L’Oubli du rôle de la Grande-Bretagne dans la traite négrière a commencé dès l’abolition de ce commerce en 1807. L’Histoire célèbre de la campagne de l’abolitionniste Thomas Clarkson visant à mettre fin à l’esclavage a mis l’accent sur le travail des humanistes blancs et sur leur rôle dans la construction d’un mouvement réussi. Clarkson a négligé non seulement l’activisme des hommes et des femmes noirs abolitionnistes, tout comme les horreurs de la traite en elle-même, qu’il connaissait intimement.

Un processus similaire s’est produit en ce qui concerne l’émancipation en 1833. Dès l’abolition de l’esclavage dans les Indes occidentales britanniques, à l’île Maurice et au Cap, les Britanniques ont commencé à se féliciter de leur générosité. L’abolition fut redéfinie comme une démonstration de l’engagement de la Grande-Bretagne pour la liberté, et de sa prétention à être le pays le plus progressiste et civilisé au monde.

Dans le langage de l’époque, l’abolition avait pour but de laver les péchés de la nation. Pourtant, la liberté qui fut accordée par le parlement impérial aux hommes et aux femmes esclaves était relative.

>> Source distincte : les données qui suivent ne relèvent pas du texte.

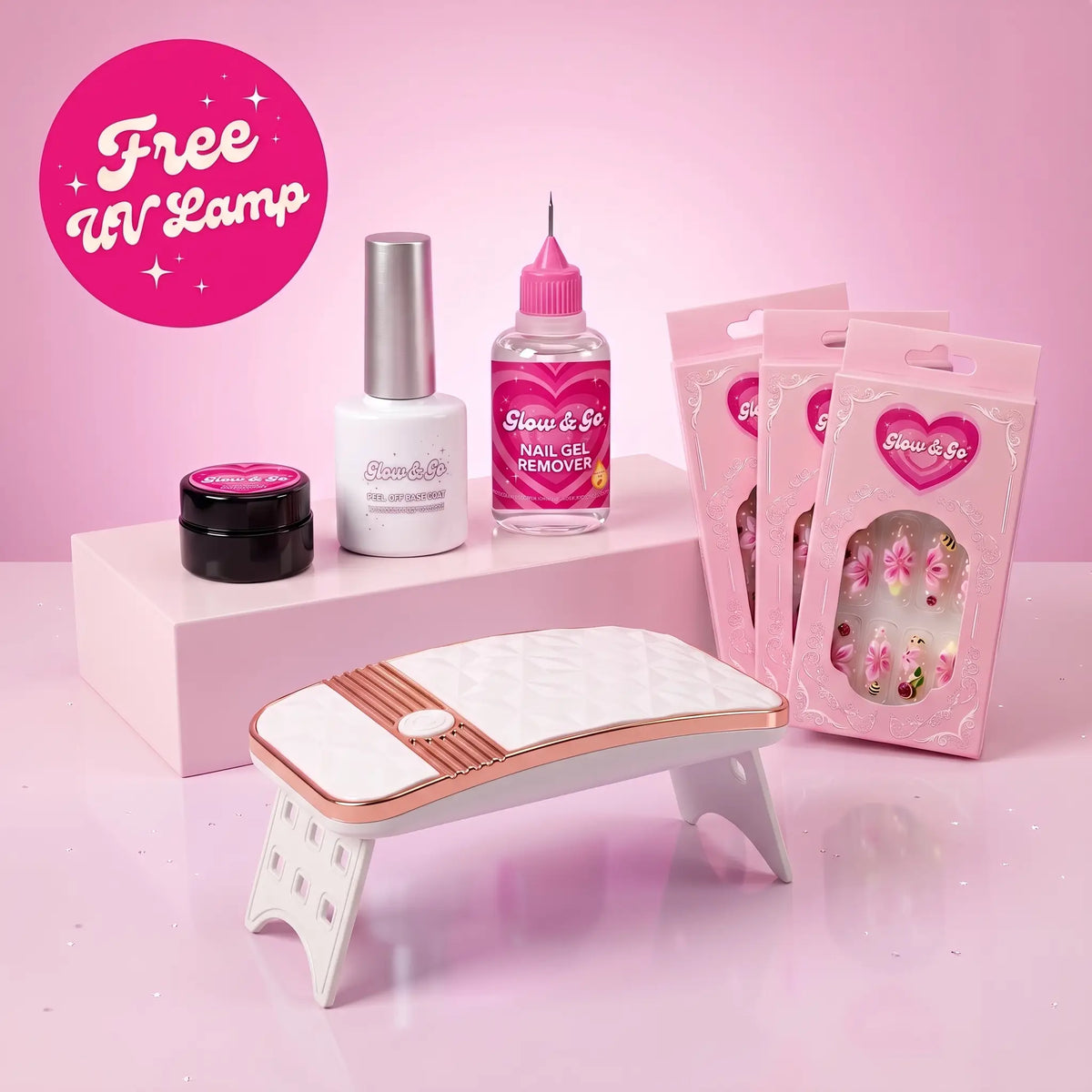 Press-On Nail Starter Kit with UV Lamp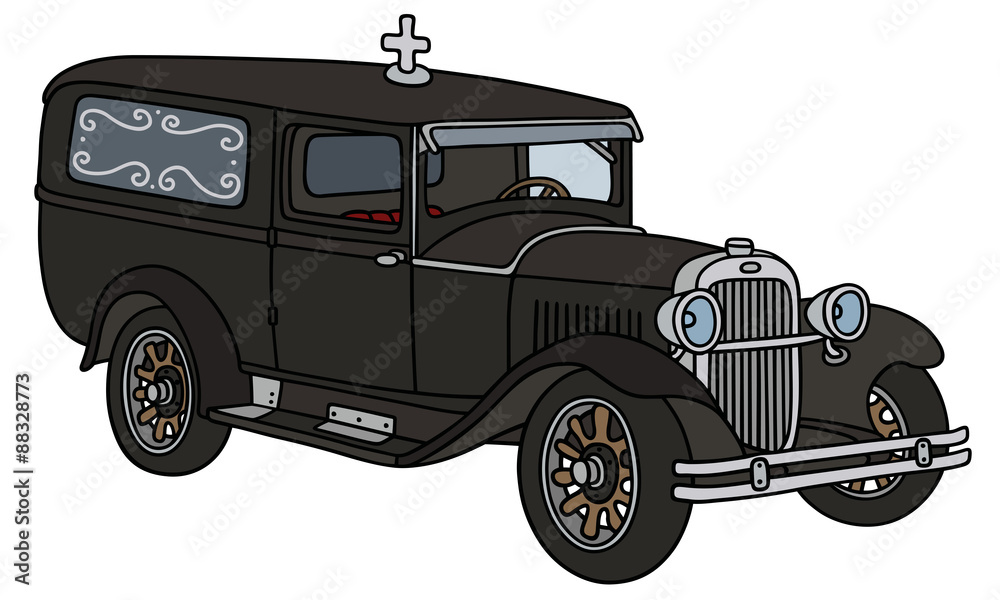 Vintage funeral car / hand drawing, vector illustration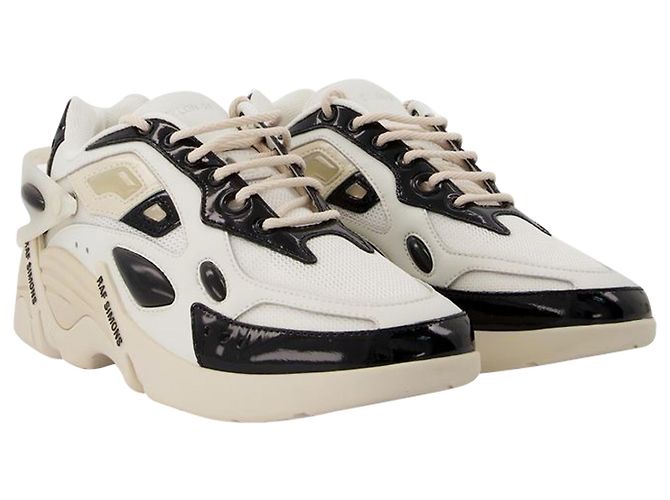 Raf Simons Zylon-21 Turnschuhe aus Elfenbein und schwarzem Leder - Ansicht 2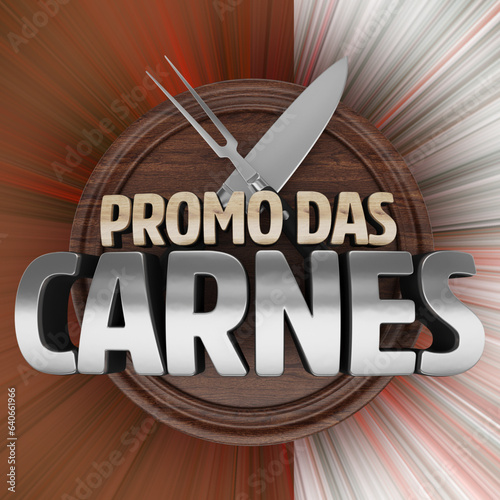 selo 3d ''promo das carnes'' .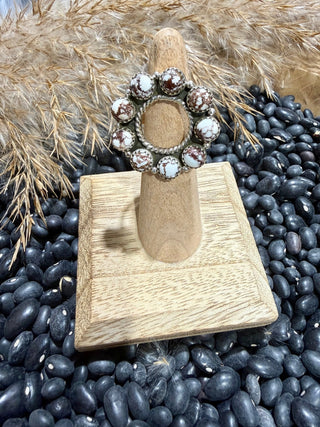 Sterling Silver Wild Horse Turquoise Cluster Ring | Adjustable Statement Cowgirl Jewelry-200 - Barbwire n Bougie Boutique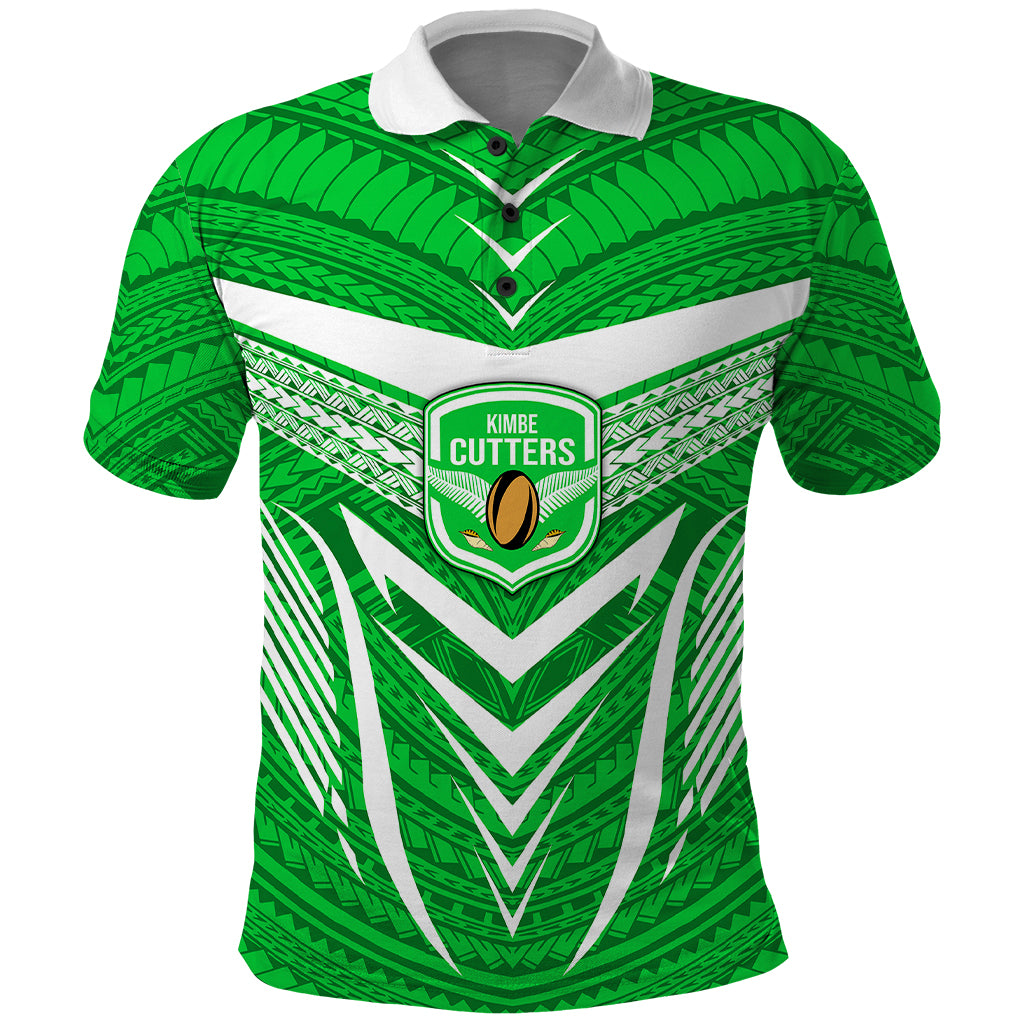 Kimbe Cutters Rugby Polo Shirt Papua New Guinea Polynesian Tattoo Green Version LT03 Green - Polynesian Pride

Ils devaient demeurer « apprentis » durant quatre à six ans – travailler sans rémunération dans les plantations de leurs anciens maîtres – tout en  »apprenant à travailler ». Il fallut cinq ans de résistance dans les Caraïbes et de campagne « à la maison » pour obtenir « la pleine liberté » en 1838.

De plus, 20 millions de livres (soit 40% des dépenses de l’Etat en 1834) furent versés en compensation par le gouvernement britannique aux propriétaires d’esclaves pour s’assurer de leur leur accord de perdre  »leur » propriété -malgré le fait que la base morale de la campagne contre l’esclavage était que c’était mal de détenir des êtres humains comme des propriétés. La  »valeur » des esclaves fut jugée en fonction des niveaux de leurs compétences et de la productivité des colonies dans lesquelles ils vivaient. Un homme en esclavage en Guyane britannique valait donc plus que celui en Jamaïque, où la productivité avait baissé, et les hommes avaient plus de valeur que les femmes. Il allait s’agir là d’un autre moment de marchandisation des êtres humains – pas vendus cette fois sur le marché des esclaves, mais dont le prix était fixé par les autorités coloniales et établi dans les bureaux gouvernementaux.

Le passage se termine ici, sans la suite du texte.